Shamanic songs of the ancient past may be engraved on this stone.

A series of ancient engravings found on volcanic rocks in southern Peru may represent music performed during shamanic rituals using hallucinogenic plants 2,000 years ago. The enigmatic art, consisting of dancing human figures surrounded by zigzagging lines and other geometric forms, eschews a concrete interpretation, but a new analysis suggests that these abstract shapes may depict songs that transport participants to other dimensions during their psychedelic journeys.

Pre-Columbian designs can be found at Toro Muerto, which houses one of the richest collections of rock art in South America. This site, a desert gorge, is filled with thousands of rocks, about 2,600 of which contain ancient engravings.

Describing the drawings in a new study, the researchers explain that the artworks contain "an almost overwhelming repetition of dancing human figures (known as danzantes), unique in the region, and an extraordinary accumulation of geometric patterns, mostly in the form of vertical zigzags, straight and curved lines of varying width, sometimes with accompanying dots or circles." While previous attempts to interpret these zigzags have suggested they could represent snakes, lightning or water, the study authors believe they may have an alternative meaning.

To form their hypothesis, the researchers point to striking similarities between the drawings at Toro Muerto and the traditional artwork of the Tukano culture in the Colombian Amazon. In the Tukano culture, geometric designs are associated with visions induced by the hallucinogenic ayahuasca plant, which has been ritually smoked by Amazonian natives for thousands of years.


Anthropological analyses of these rituals have repeatedly emphasized the importance of music; songs known as icaros are sung by shamans as a means of communicating with the gods and traveling through the spiritual cosmos. Interestingly, studies of the significance of the zigzags in Tukano artworks have revealed that "the Tukanos saw in these zigzags representations of songs that were an integral part of the ritual, which also had mediating power and constituted a means of passage into the mythical time of the beginning."

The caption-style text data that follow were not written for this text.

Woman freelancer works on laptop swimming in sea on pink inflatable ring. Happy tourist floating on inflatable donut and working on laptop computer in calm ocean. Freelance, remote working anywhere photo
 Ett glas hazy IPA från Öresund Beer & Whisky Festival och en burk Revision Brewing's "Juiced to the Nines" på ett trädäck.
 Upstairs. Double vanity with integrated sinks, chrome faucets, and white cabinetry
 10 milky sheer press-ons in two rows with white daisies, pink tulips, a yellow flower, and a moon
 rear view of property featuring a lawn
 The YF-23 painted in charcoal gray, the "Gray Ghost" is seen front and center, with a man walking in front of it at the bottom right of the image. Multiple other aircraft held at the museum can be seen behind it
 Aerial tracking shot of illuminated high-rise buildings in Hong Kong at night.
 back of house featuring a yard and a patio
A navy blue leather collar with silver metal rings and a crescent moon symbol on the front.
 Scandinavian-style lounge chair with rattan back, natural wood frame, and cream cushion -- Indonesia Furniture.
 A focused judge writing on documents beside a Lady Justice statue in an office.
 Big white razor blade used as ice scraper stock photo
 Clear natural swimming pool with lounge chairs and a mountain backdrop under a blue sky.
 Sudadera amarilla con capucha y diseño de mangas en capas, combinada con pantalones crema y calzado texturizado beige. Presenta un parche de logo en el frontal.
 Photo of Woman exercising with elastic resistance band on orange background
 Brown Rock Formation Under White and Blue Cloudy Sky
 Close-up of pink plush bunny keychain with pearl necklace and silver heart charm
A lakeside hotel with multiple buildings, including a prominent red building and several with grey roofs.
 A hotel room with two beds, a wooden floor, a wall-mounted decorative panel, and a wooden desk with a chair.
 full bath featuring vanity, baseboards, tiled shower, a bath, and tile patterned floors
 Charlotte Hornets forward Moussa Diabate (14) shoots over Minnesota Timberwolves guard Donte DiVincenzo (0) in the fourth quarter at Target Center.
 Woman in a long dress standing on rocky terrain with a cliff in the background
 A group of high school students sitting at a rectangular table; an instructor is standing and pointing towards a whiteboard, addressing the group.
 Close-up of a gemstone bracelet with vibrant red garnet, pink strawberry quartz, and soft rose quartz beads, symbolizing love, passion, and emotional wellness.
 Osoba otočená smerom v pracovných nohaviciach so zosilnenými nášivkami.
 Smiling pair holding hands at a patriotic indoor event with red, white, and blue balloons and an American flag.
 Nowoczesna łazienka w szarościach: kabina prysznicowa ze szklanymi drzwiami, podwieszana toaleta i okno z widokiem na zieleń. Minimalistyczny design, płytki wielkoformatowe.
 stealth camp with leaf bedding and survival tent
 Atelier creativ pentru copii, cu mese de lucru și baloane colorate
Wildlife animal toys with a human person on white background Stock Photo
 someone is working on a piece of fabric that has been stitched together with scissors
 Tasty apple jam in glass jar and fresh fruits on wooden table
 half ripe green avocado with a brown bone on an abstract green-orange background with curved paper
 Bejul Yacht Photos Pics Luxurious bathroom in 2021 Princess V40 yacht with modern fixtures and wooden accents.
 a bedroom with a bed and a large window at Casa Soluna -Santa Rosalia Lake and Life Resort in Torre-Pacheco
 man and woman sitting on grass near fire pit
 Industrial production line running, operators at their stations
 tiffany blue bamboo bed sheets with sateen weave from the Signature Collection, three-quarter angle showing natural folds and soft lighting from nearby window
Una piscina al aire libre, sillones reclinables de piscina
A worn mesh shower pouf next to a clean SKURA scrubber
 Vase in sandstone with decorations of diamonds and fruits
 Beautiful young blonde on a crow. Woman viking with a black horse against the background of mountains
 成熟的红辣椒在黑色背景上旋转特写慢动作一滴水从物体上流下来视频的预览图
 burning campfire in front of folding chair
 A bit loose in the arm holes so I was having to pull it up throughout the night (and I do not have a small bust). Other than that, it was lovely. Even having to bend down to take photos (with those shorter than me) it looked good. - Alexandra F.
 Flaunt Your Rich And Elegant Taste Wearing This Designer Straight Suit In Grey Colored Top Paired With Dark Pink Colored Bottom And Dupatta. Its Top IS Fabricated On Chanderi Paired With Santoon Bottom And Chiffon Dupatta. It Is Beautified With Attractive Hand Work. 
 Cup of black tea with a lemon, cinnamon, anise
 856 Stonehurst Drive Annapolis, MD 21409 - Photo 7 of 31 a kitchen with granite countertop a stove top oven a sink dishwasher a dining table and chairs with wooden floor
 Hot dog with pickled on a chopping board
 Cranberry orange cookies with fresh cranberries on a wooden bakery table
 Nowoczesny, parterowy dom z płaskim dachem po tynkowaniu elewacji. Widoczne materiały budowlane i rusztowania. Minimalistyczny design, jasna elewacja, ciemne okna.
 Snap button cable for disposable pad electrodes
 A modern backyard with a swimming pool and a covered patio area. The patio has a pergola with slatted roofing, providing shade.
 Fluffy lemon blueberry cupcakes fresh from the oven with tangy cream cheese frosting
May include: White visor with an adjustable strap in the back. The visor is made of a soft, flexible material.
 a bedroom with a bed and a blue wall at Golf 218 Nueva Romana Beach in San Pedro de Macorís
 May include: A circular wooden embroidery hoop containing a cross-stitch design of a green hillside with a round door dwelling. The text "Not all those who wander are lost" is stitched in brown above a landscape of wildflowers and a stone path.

In other words, in the Tukano context, these shapes depict shamanic music that mesmerizes ritual participants under the influence of ayahuasca and transports them to a "parallel world" where they can reconnect with ancestral mythology. Applying the same interpretation to the artworks at Toro Muerto, the authors of the study suggest that "the central danzantine, surrounded by wavy lines, is actually 'surrounded' by songs, which - by embodying energy and power simultaneously - are the source of the passage to another world."

Acknowledging that their theory is somewhat speculative, the researchers nevertheless conclude that these pre-Hispanic drawings "depict a cultural field that is difficult to understand graphically, that of song and singing."

Exploring the deeper meaning behind these musical depictions, the authors explain that "the cosmos is the space that the shaman explores on his visionary journey, while the wavy and zigzag lines may be visualizations of both the songs that lead him to this parallel reality and the feeling of being in that other world."